Edit: actually ybeltukov's code is not presently accurate because it does not use e.g. ImageCrop
and it is not counting only the pixels inside the box.
Note that your comment about the file being a PDF instead of a PNG changes the question, in that there ways to process a PDF that you cannot do to PNG.
First import the "Pages"
of the PDF and stored the first (and only) one in i
:
i = First @ Import["https://dl.dropboxusercontent.com/u/8003134/img.pdf", "Pages"];
Now the image is in fact scalable Graphics
and the black squares and green rectangles are stored as JoinedCurve
and FilledCurve
objects:
Cases[i, _JoinedCurve, Infinity, 1]
Cases[i, _FilledCurve, Infinity, 1]
(*
{JoinedCurve[{{{0, 2, 0}, {0, 1, 0}, {0, 1, 0}}},
{{{2., 647.}, {47., 647.}, {47., 602.}, {2., 602.}}},
CurveClosed -> {1}]}
{FilledCurve[{{{0, 2, 0}, {0, 1, 0}, {0, 1, 0}}},
{{{2., 597.}, {47., 597.}, {47., 552.}, {2., 552.}}}]}
*)
Note that the coordinates of the squares and rectangles are in the second argument.
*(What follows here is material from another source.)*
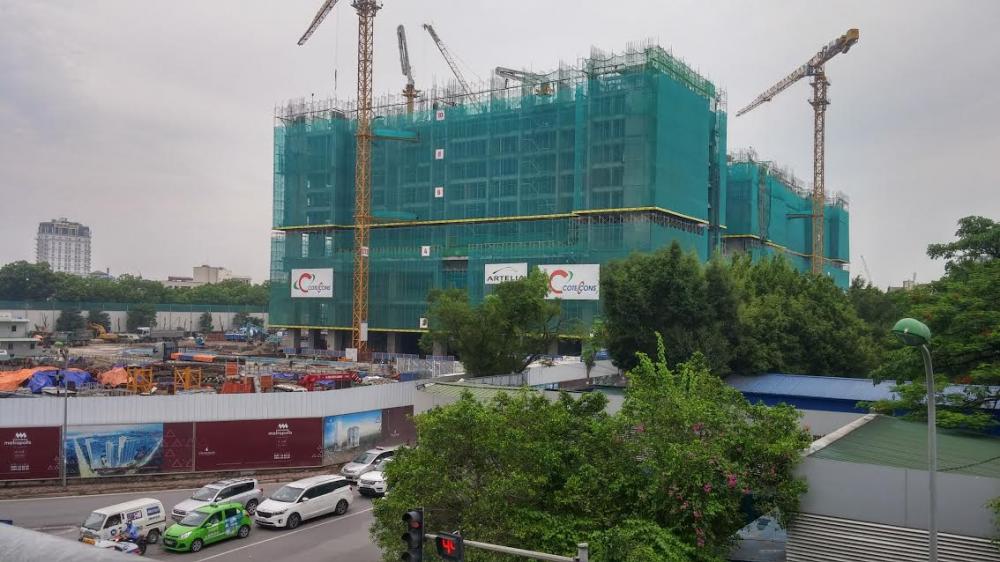 1 khối đang thi công tới tầng 10, 1 khối thi công tới tầng 8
Also upon inspection, the squares are stored in order by columns. So we can extract the squares, Partition them, and map the coordinates of a corner to the index of the square. The green rectangles share two of the coordinates with its enclosing square, so we pick a corner in common to both (the 4th coordinate). We can get the area of a green rectangle by subtracting the coordinates of opposite corners and multiplying, and store then as rules mapping corner to areas. We can get the total area of a square the same way.
corner2idx = With[{squares = Cases[i, JoinedCurve[_, {rect_}, ___] :> rect, Infinity]},
Flatten @ MapIndexed[#[[4]] -> Reverse[#2] &, Partition[squares, 13], {2}]];
corner2area = With[{green = Cases[i, FilledCurve[_, {rect_}, ___] :> rect, Infinity]},
#[[4]] -> Times @@ First@Differences[#[[{2, 4}]]] & /@ green];
totalArea =
Times @@ First @ Differences[
Cases[i, JoinedCurve[_, {rect_}, ___] :> rect, Infinity, 1][[1, {2, 4}]]]
(*
2025.
*)
Now we can put it all together, using the rules corner2idx
that map corner coordinates to indices to create a list of array rules that map the index to the corresponding area. Dividing by the total area gives the proportion of green in each square.
proportions = SparseArray[corner2area /. corner2idx, {13, 13}, 0.]/totalArea;
Round[proportions, 0.02] // MatrixForm